Look, I agree with the benefits of sticking with a routine. But I think as ADHDers, it’s better to quickly discover what doesn’t work for us and pivot to what could. This could save us a lot of time and be drowned in feelings of guilt and shame.
Now, there might be some routines you will need to maintain for various reasons. For example, I NEED to do a better job of my dental nighttime routine of brushing, flossing, and mouth washing. I’ve had 3 root canals this year, and I will need to get 2 crowns in the next couple of months. This is the result of poor dental hygiene over the years which I absolutely need to turn around - dental work doesn’t come cheap, I have the monthly payment installments to prove it!
An alternative approach to being a routine robot could be:
Must-Dos - A maximum of 1-3 ‘must dos’ for the day. You and I both know that having too much on our plate leads to overwhelm or frustration.
Incremental steps - Rome wasn’t built in a day and your routine won’t be either, and that’s ok! Build a routine over time and switch it up.
Daily markers - Instead of creating an overcomplicated schedule, you could make a note of things you’d like to complete in the morning, afternoon, or evening. This allows room for flexibility as you’re not constrained by set timings.
Self Reflection - A routine is great, but maybe it’s worth considering if you actually have the desire/interest to keep up a habit. If not, it might be the reason why you struggle to be consistent, don’t be afraid to let things go.
I’ve made a pledge to myself to try and stick to my ‘Must Dos’. My facial routine, my dental routine, and my prayer/reading the Bible routine.
What pledge will you make? Comment or Tweet me!
Work with what works for you.
Rach with ADHD.
Yes, you described me pretty well. I turn 69 this week, and sorry but it doesn’t get any easier. I have learned to accept myself as my crazy brain presents me to myself….got that? I am a Lutheran Pastor and I believe, teach and confess that God loves us as He made us. So we who have hyperactive right brains tell marvelous stories (sermons for me) that are not in any way linear, but rather like a mosaic. That means I can celebrate when I actually do all of the things on my calendar (at least the ones I remember to put on the calendar in my phone (I am an Apple product fan since 1983) but I don’t beat myself up anymore when an appointment someone makes with me disappears from my calendar app but I remember it anyway…or not….Just remember that God loves you as He made you, medications that are useful are a blessing and….what was I writing about again? God loves you! Enjoy your life!
I’ve struggled with creating routine for my whole life, constantly falling off and back into unfulfilling habits. What I have found most helpful are the following:
1. Create ‘anchor habits’ which are those things you do no matter what that give you a sense of achievement. For me, the main one is getting onto my yoga mat every day, even if it’s only for 5 minutes, no matter what time of day it is.

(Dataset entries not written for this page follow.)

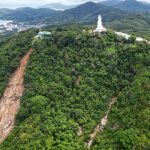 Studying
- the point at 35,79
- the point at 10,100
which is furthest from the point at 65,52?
the point at 10,100

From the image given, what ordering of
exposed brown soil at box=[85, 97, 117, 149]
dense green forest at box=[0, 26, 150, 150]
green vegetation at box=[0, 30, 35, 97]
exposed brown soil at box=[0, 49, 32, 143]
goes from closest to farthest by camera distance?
dense green forest at box=[0, 26, 150, 150] → exposed brown soil at box=[85, 97, 117, 149] → exposed brown soil at box=[0, 49, 32, 143] → green vegetation at box=[0, 30, 35, 97]

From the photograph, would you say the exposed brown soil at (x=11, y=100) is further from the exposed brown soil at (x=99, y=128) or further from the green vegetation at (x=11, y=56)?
the exposed brown soil at (x=99, y=128)

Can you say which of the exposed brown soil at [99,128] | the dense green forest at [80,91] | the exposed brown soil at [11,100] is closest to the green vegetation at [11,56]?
the dense green forest at [80,91]

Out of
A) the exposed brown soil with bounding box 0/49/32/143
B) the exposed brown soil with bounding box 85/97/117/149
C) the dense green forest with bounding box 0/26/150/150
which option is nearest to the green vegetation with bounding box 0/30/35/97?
the dense green forest with bounding box 0/26/150/150

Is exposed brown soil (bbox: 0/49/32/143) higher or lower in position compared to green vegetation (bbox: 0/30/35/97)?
lower

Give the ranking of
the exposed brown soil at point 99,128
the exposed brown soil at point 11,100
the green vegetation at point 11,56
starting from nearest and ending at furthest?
1. the exposed brown soil at point 99,128
2. the exposed brown soil at point 11,100
3. the green vegetation at point 11,56

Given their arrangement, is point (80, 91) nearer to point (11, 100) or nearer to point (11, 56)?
point (11, 100)

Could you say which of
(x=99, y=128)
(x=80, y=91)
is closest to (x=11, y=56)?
(x=80, y=91)

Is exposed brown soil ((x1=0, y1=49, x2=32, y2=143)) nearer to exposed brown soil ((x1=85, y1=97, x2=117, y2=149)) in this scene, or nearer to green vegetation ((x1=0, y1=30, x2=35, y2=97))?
green vegetation ((x1=0, y1=30, x2=35, y2=97))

I also make sure I drink a glass of water every single morning when I wake up and I am trying to anchor writing in my journal before bed.
2. Make your routine task-based instead of time-based. I have a series of ‘blocks’ I need to work through every day and it doesn’t matter what time I start my day, I just work through those blocks in order. Sometimes it means time is taken away from certain things (depending on work schedule) but once I dropped the reliance on clock time, I find I am able to work through all my blocks most days, which keeps me on track for future days.
3. Meds. Meds have helped more than literally any self-help book or article ever can or will and I will advocate for people to go on meds whenever possible! ADHD meds have been shown to dramatically assist more than 80% of those who take them and getting rid of the stigma around mental health medication is so so so important for our well-being and success!